NBC | As 2012 Turnout Battle Brews, Justice Department Eyes Voter ID Laws


If it’s pres­i­den­tial cam­paign sea­son, it must be time for another furor over voter fraud and voter suppression. As the Democ­rats did in 2008, they are again charg­ing that Repub­li­cans are try­ing to use photo iden­ti­fi­ca­tion laws and other changes in elec­tion laws to win­now out would-be Demo­c­ra­tic voters.
The dif­fer­ence this time: six more states have enacted laws, or strength­ened their exist­ing laws, requir­ing vot­ers to show a form of photo iden­ti­fi­ca­tion such as a driver’s license in order to cast a ballot. The stand­out among the new voter ID states: Wis­con­sin, which may have a recall elec­tion next year for Repub­li­can Gov. Scott Walker.
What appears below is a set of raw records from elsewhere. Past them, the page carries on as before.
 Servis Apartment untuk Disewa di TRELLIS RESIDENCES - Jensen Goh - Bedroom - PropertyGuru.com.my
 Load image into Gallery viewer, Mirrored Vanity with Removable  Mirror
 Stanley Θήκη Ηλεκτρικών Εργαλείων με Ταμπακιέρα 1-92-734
It also has a mar­quee Sen­ate race and will likely be a bat­tle­ground in the pres­i­den­tial race.
Last week Demo­c­ra­tic National Com­mit­tee chair­woman Rep. Deb­bie Wasser­man Schultz launched a new mobi­liza­tion effort, say­ing, “Repub­li­cans across the coun­try have engaged in a full-scale attack on the right to vote, seek­ing ways to restrict or limit vot­ers’ abil­ity to cast their bal­lots for their own par­ti­san advantage.”
The strat­egy, she con­tended, dis­pro­por­tion­ally affects African-Americans, Lati­nos, and young peo­ple and could “skew the 2012 pres­i­den­tial elec­tion in the Repub­li­cans’ favor.”
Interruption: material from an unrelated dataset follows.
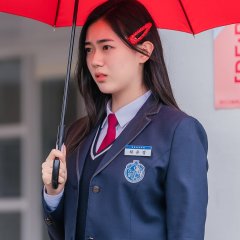 I Am a Running Mate Korean Drama photo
Assis­tant Attor­ney for Civil Rights Thomas Perez said last week that Jus­tice Depart­ment lawyers are review­ing some of the recently-enacted state laws to ensure that they com­ply with the Vot­ing Rights Act and do not have “a racially dis­crim­i­na­tory pur­pose or dis­crim­i­na­tory effect.”
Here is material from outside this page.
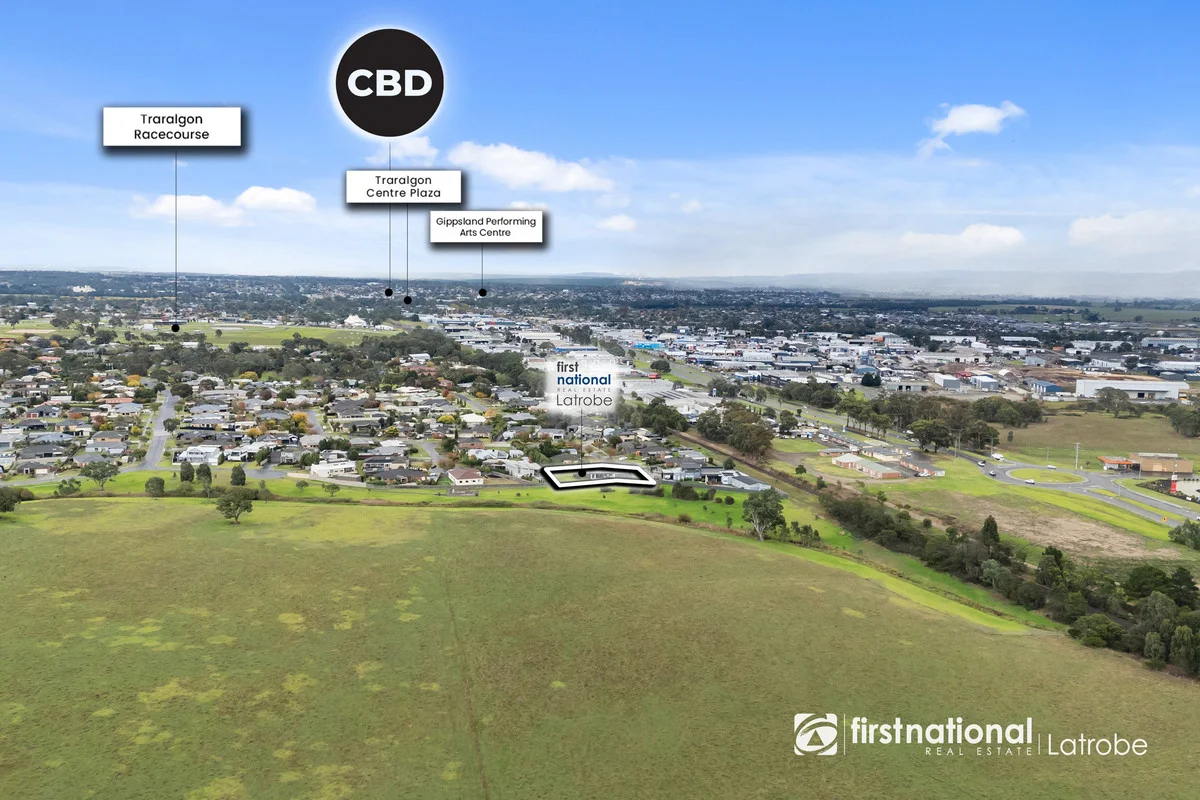 Additional image 4 of 12 Woodhall Close, Traralgon East VIC 3844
Advocates of broader voting rights are looking forward to a speech on voting next week by Attorney General Eric Holder. “We’ve been pushing him hard to do that because we think it is a national crisis,” said Laura Murphy, the director of the Washington Legislative Office of the American Civil Liberties Union. “The big question is what will the Justice Department do – and that’s why we’re so excited about the attorney general’s upcoming speech.”
Democrats confront one big obstacle: the Supreme Court, in a 6-3 decision handed down in 2008 and written by Justice John Paul Stevens, upheld Indiana’s photo identification law. “There is no question about the legitimacy or importance of the State’s interest in counting only the votes of eligible voters,” Stevens said. The decision left open the possibility that future plaintiffs could try to show that, as applied in specific cases, a voter ID law is unconstitutional.